(Stored data entries)
■ ■ ■ ■

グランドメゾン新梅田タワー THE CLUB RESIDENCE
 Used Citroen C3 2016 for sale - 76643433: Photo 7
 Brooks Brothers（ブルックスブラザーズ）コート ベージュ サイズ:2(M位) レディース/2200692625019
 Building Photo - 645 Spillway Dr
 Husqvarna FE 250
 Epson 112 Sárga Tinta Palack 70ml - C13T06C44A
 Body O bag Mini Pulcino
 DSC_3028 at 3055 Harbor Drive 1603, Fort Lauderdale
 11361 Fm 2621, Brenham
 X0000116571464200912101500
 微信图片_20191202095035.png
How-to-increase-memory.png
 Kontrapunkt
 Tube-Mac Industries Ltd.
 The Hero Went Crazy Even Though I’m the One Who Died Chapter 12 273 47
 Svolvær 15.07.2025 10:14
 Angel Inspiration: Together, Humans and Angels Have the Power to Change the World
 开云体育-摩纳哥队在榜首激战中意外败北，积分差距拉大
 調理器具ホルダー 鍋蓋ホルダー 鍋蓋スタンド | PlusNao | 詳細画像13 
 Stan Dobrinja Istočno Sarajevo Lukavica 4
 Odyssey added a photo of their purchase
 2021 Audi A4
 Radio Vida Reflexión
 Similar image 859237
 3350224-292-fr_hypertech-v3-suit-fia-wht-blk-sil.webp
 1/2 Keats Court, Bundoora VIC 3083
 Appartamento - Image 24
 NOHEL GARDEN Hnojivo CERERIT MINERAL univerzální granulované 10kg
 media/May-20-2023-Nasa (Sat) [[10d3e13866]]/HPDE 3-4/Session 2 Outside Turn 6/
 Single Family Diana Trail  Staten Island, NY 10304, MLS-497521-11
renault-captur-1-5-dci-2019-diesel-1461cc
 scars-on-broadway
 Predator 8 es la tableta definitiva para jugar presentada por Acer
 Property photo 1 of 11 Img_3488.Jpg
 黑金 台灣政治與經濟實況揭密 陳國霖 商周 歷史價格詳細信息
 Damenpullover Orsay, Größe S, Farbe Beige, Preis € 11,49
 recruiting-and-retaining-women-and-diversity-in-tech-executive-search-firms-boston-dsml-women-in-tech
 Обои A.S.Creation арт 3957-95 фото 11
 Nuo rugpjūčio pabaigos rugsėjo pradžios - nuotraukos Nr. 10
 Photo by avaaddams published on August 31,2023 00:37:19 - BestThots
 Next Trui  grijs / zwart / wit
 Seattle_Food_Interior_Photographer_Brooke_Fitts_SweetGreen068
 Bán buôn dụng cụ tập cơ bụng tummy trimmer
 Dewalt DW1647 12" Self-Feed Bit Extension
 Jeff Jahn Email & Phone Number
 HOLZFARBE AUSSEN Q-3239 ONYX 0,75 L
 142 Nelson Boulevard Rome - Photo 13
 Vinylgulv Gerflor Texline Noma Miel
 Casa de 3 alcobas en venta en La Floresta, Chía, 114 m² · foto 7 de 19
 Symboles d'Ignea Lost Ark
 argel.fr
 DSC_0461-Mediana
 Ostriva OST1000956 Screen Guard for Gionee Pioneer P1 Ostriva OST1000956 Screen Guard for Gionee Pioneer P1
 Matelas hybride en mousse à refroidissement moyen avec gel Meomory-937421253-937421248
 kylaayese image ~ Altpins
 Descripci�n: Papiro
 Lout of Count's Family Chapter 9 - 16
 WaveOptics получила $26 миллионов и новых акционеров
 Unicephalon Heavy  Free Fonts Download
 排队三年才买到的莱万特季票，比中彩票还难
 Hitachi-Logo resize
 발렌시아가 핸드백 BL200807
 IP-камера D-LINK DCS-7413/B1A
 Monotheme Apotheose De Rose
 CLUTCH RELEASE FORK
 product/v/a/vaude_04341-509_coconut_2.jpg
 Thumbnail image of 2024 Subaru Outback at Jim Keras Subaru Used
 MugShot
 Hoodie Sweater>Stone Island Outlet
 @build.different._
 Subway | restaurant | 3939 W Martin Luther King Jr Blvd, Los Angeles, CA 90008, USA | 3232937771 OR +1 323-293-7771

■ ■ ■ ■

What you need to do:
Your task is to repeat the records exactly. Begin at their first line and stop after the line containing "Epson 112 Sárga".

Result below:
グランドメゾン新梅田タワー THE CLUB RESIDENCE
 Used Citroen C3 2016 for sale - 76643433: Photo 7
 Brooks Brothers（ブルックスブラザーズ）コート ベージュ サイズ:2(M位) レディース/2200692625019
 Building Photo - 645 Spillway Dr
 Husqvarna FE 250
 Epson 112 Sárga Tinta Palack 70ml - C13T06C44A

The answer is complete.